実際に引っ越しが決まると、引っ越し業者や片付け業者、不動産屋に至るまで、一切合切を砂沢さんが手配してくれました。引っ越しの当日には仕事の合間を縫って駆けつけてもくれました。

私の家で母の荷物を待つ間、砂沢さんは日本の年金制度について、「ネットでボロくそに言われるほどひどい制度ではないけれど、お母様のようなご高齢の寡婦への配慮が足りないといった穴はたくさんある。私たちが声を上げて制度自体を変えていかないといけないんです」と熱く語ってくれました。

聞けば、砂沢さんは会社員時代に社会保険労務士の資格を取って独立し、その後、資産運用の知識の重要性を痛感してFP資格も取得したのだそうです。
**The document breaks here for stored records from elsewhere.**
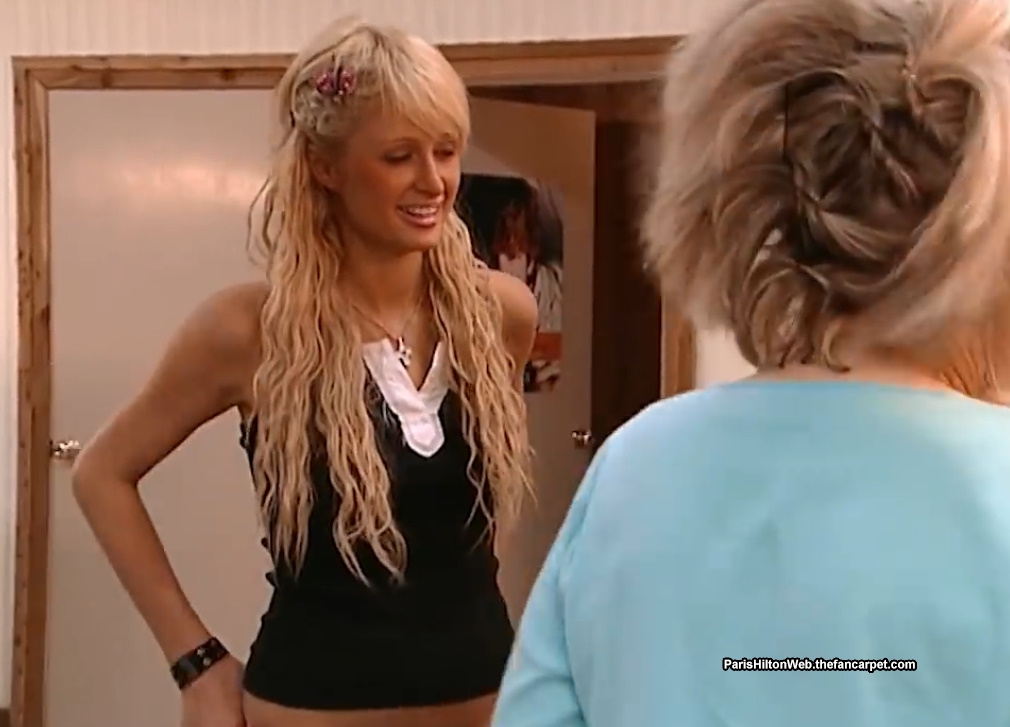 TSL_S2x08_2845029.jpg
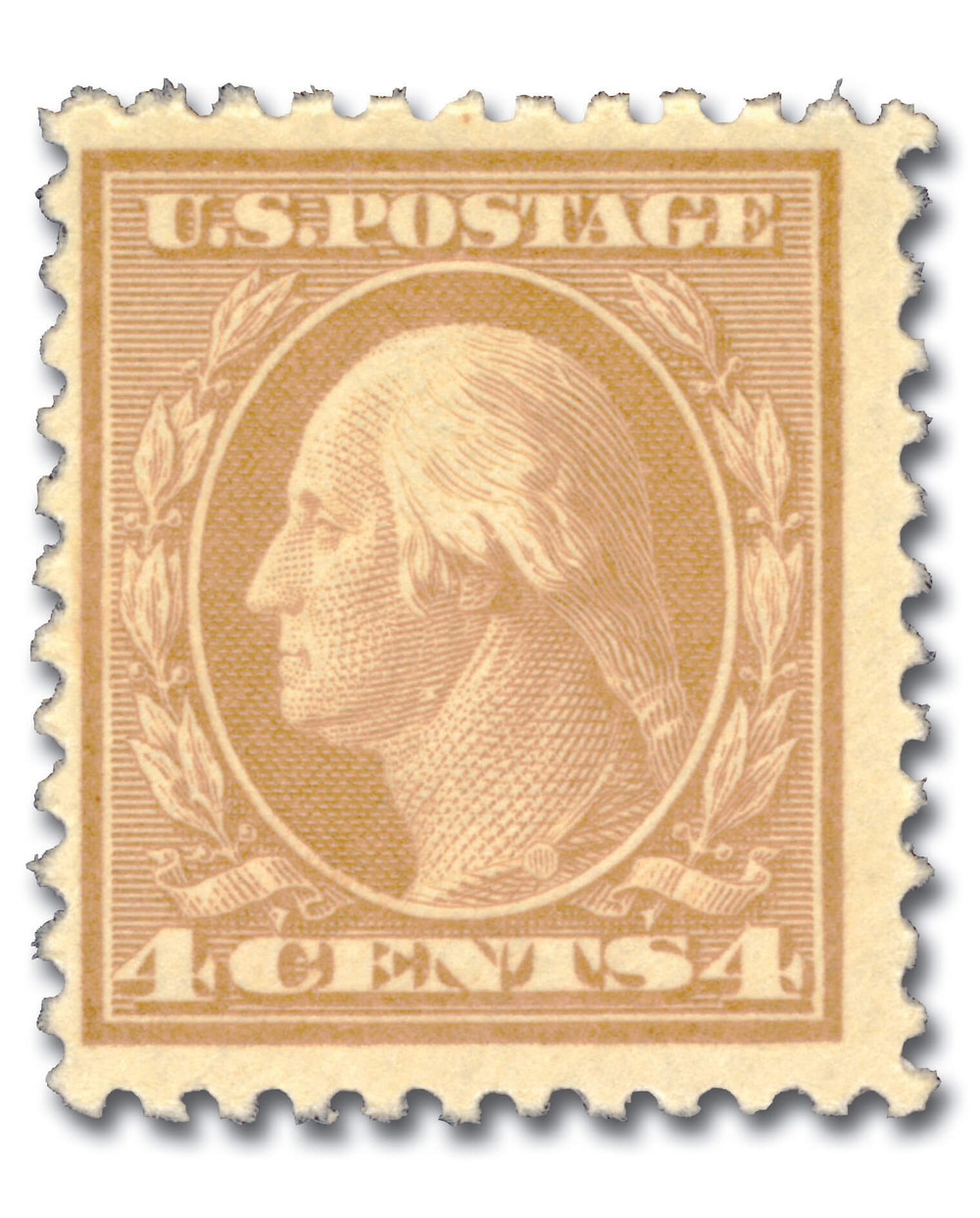 338124 -- Mint Stamp(s) -- Mint Stamp(s)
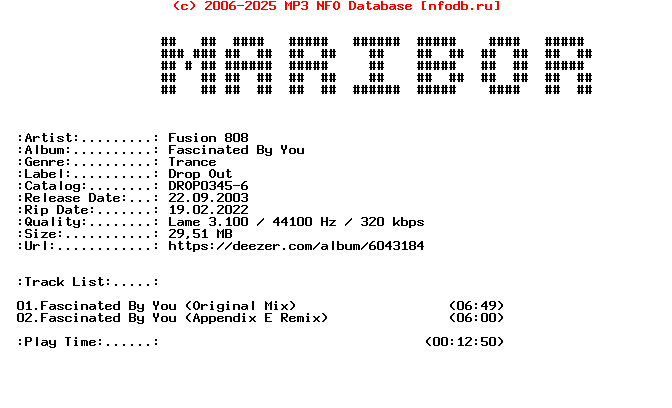 Fusion_808_-_Fascinated_By_You-(DROP0345-6)-WEB-2003-Maribor_Int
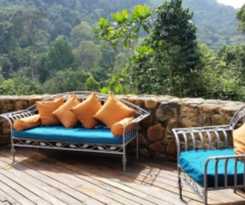 Hotel Engagi Lodge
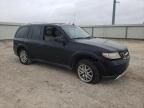 2006 Saab 9-7X Linear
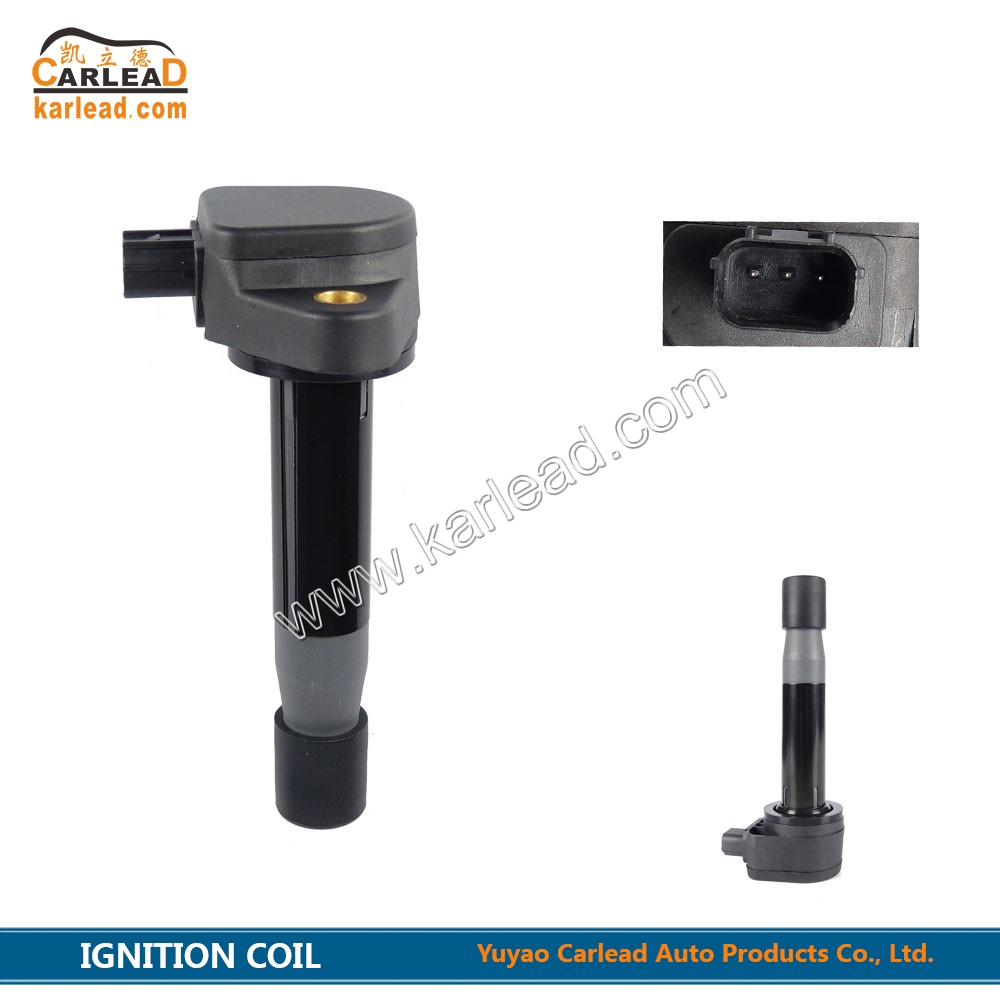 19070-97207, DQG1122E, لفائف الاشتعال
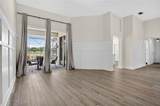 505 Alleria Court - Photo 7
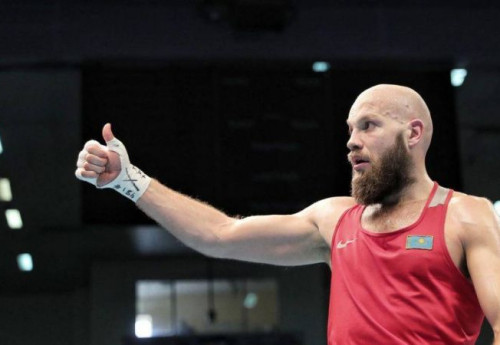 Фотография к новости: Василий Левит пострадал от коррупционного заговора на Олимпиаде в Рио – сенсационное расследование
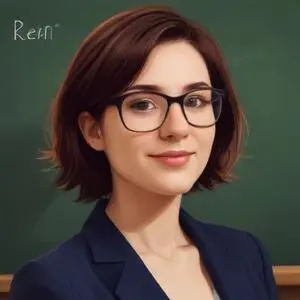 René Thom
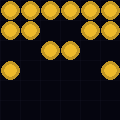 149.71.185.126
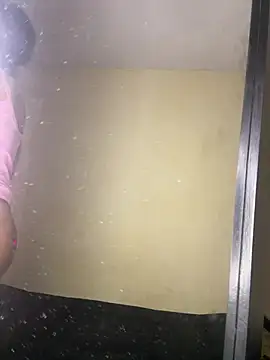 Antonella narsk online show from 03/09/26, 04:32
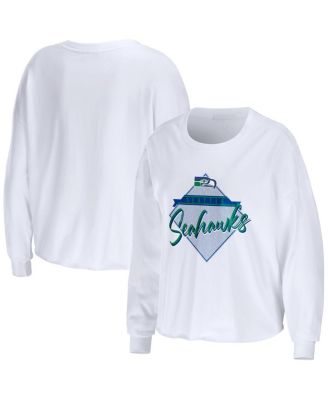 WEAR by Erin Andrews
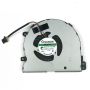 New Cpu Cooling Fan For Dell Latitude 3450 / 3550 K32JH 0K32JH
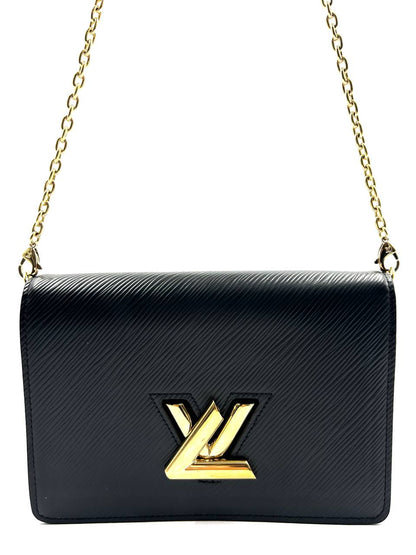 Louis Vuitton - wok bag
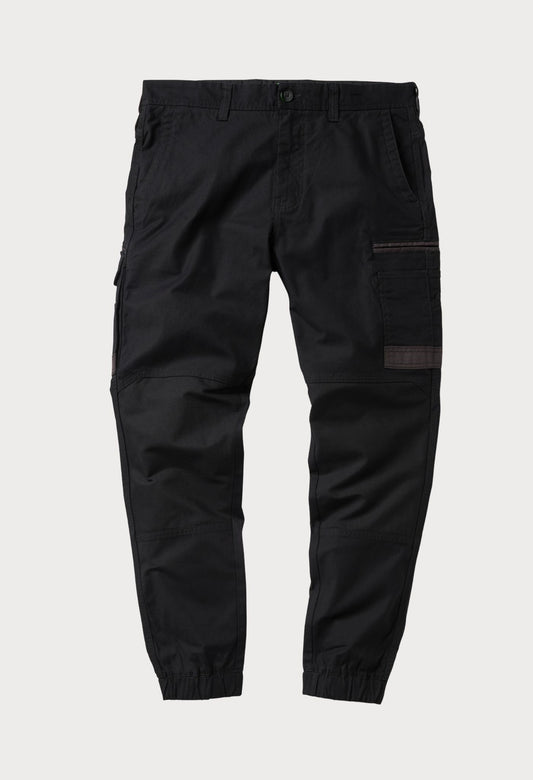 FXD STRETCH CUFF WORK PANT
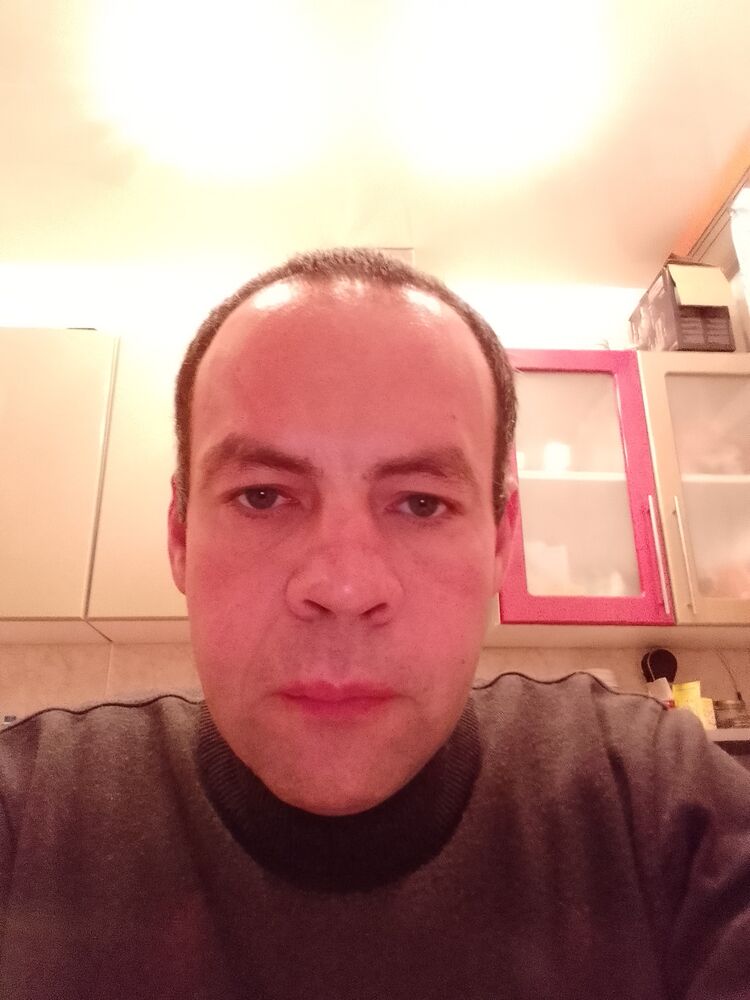  45385681  , 38 ,    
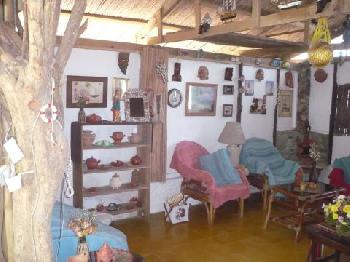 Caribbean Coral Inn Tela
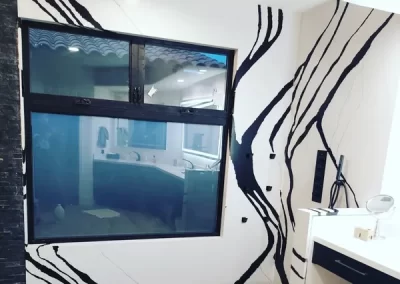 Effective Countertop Fabricators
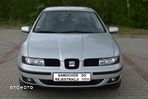 Seat Toledo 1.6 Stella - 5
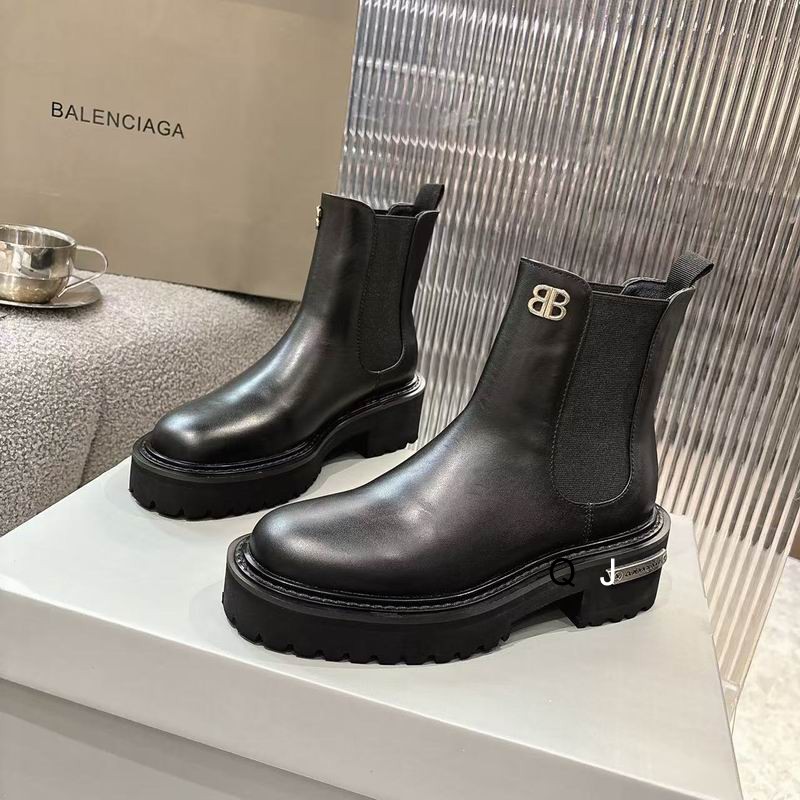 Balenciaga sz35-40 J1102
利用者目線で制度を分析し分かりやすい言葉で教えてくれる砂沢さんに、機会があれば話題の新NISA(少額投資非課税制度)のことも聞いてみたいなと思いました。

ようやく母親に笑顔が戻る

それから半年。武蔵野市の高齢者マンションに移った母は少しふっくらして髪も染め、以前より若返って見えました。最近では好きな映画を見に行ったり、習い事を復活したりして楽しんでいるようです。

驚いたのは喜寿直前にしてパソコンを使い始め、由季と一緒に証券会社に口座を開設しNISAデビューを果たしたことです。どうやら砂沢さんから助言を受けているらしく、私は完全に先を越された格好です。

オンライン通話でも笑顔が絶えない最近の母を見ると、砂沢さんや、砂沢さんとの出会いのきっかけをつくってくれた由季には感謝しかありません。

※個人が特定されないよう事例を一部変更、再構成しています。